I am still in my ranting mode.
Oh no. There’s no more White Blonde. The 700ml beer that I bought just now.
Feeling fucked up. I don’t mean I’m drunk or that I’m going to puck or anything like that. Feeling horrid from being rejected yet from another job interview. Which was conducted by 2 Singaporeans. How’s that for fuck sake?
Why the fuck am I using so much vulgarity on my blog?
Anyway, the author of the career guidance book “What Colour is Your Parachute” wrote that going for interviews is like going for (romantic) dates. It’s like a date where you find out whether both parties are interested in each other.
I have been interested in all my “dates” (interviews). But they are not interested in me. I feel ugly, undesirable. All my “dates” have rejected me. Not logical, I know. But my ego fucking feels bruised. That’s right. Maybe it’s an ego issue.
I feel horrid.
I could do with a hug now. And someone will tell that “Joseph, everything’s going to be all right.” No. Though pep gave me a virtual hug just now. Bless her soul.

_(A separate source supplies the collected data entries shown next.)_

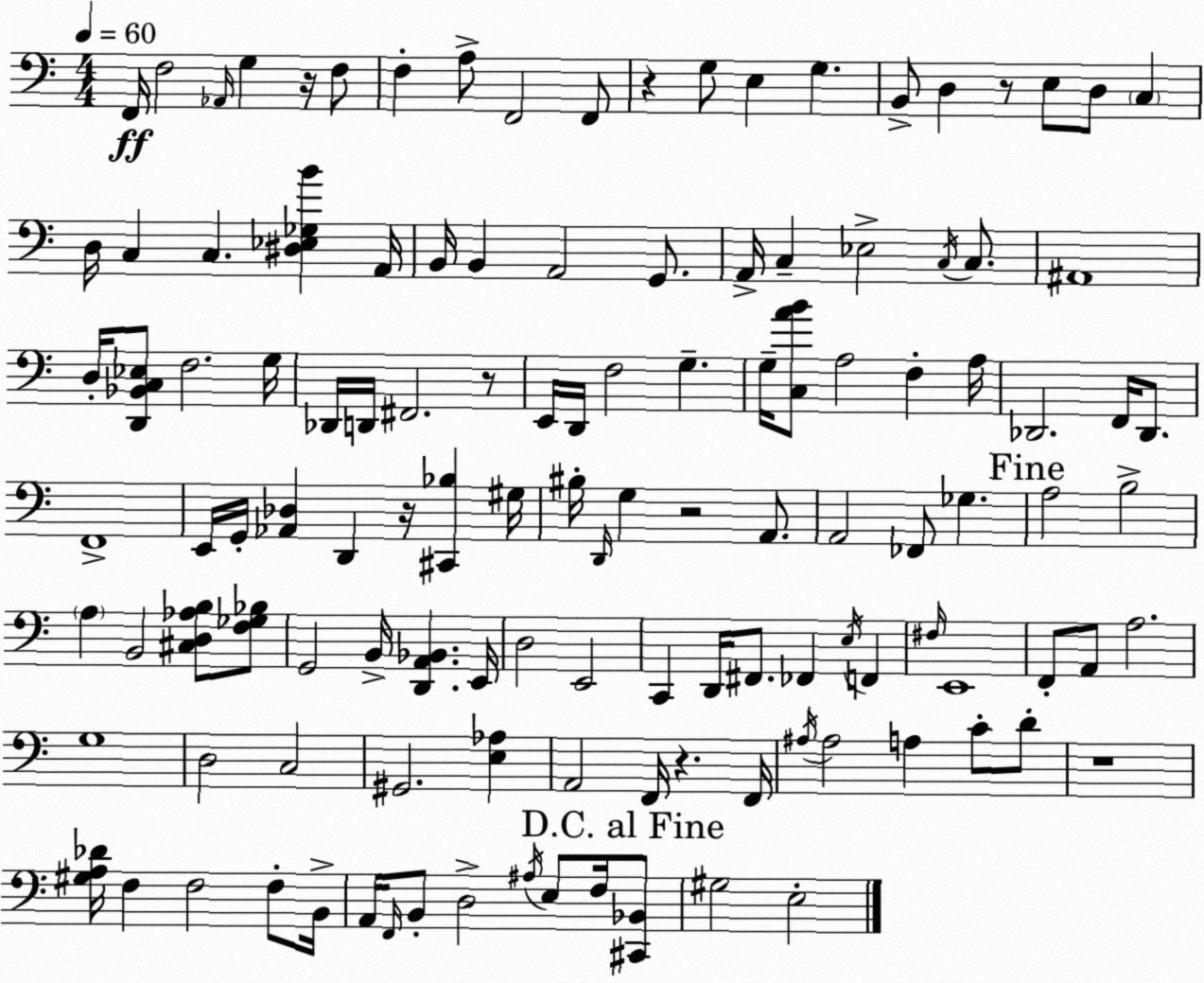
X:1
T:Untitled
M:4/4
L:1/4
K:Am
F,,/4 F,2 _A,,/4 G, z/4 F,/2 F, A,/2 F,,2 F,,/2 z G,/2 E, G, B,,/2 D, z/2 E,/2 D,/2 C, D,/4 C, C, [^D,_E,_G,B] A,,/4 B,,/4 B,, A,,2 G,,/2 A,,/4 C, _E,2 C,/4 C,/2 ^A,,4 D,/4 [D,,_B,,C,_E,]/2 F,2 G,/4 _D,,/4 D,,/4 ^F,,2 z/2 E,,/4 D,,/4 F,2 G, G,/4 [C,AB]/2 A,2 F, A,/4 _D,,2 F,,/4 _D,,/2 F,,4 E,,/4 G,,/4 [_A,,_D,] D,, z/4 [^C,,_B,] ^G,/4 ^B,/4 D,,/4 G, z2 A,,/2 A,,2 _F,,/2 _G, A,2 B,2 A, B,,2 [^C,D,_A,B,]/2 [F,_G,_B,]/2 G,,2 B,,/4 [D,,A,,_B,,] E,,/4 D,2 E,,2 C,, D,,/4 ^F,,/2 _F,, E,/4 F,, ^F,/4 E,,4 F,,/2 A,,/2 A,2 G,4 D,2 C,2 ^G,,2 [E,_A,] A,,2 F,,/4 z F,,/4 ^A,/4 ^A,2 A, C/2 D/2 z4 [^G,A,_D]/4 F, F,2 F,/2 B,,/4 A,,/4 F,,/4 B,,/2 D,2 ^A,/4 E,/2 F,/4 [^C,,_B,,]/2 ^G,2 E,2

I fucking (fill in your own blank) Australians. Okay. Not going to elaborate on anything just in case DIAC (the Australian Immigration department) is monitoring this blog.
I fucking (fill in your own blank) Sydney. I went to a recruiter today. Very refreshing chap from London. Or so he claimed. He said “It’s funny hearing a Singaporean saying that Sydney / Australia is souless”. “I did not say that.” “Your expression said everything.” (silence and on to other topics like “Why don’t you go to HK?”, etc).
Someone, tell me that things will be okay. I know that I’m not the easiest person to get along with. But try to feel sorry for me. And give me a hug. I’m a human being after all.
Something to look forward to for tomorrow – beer. Yay.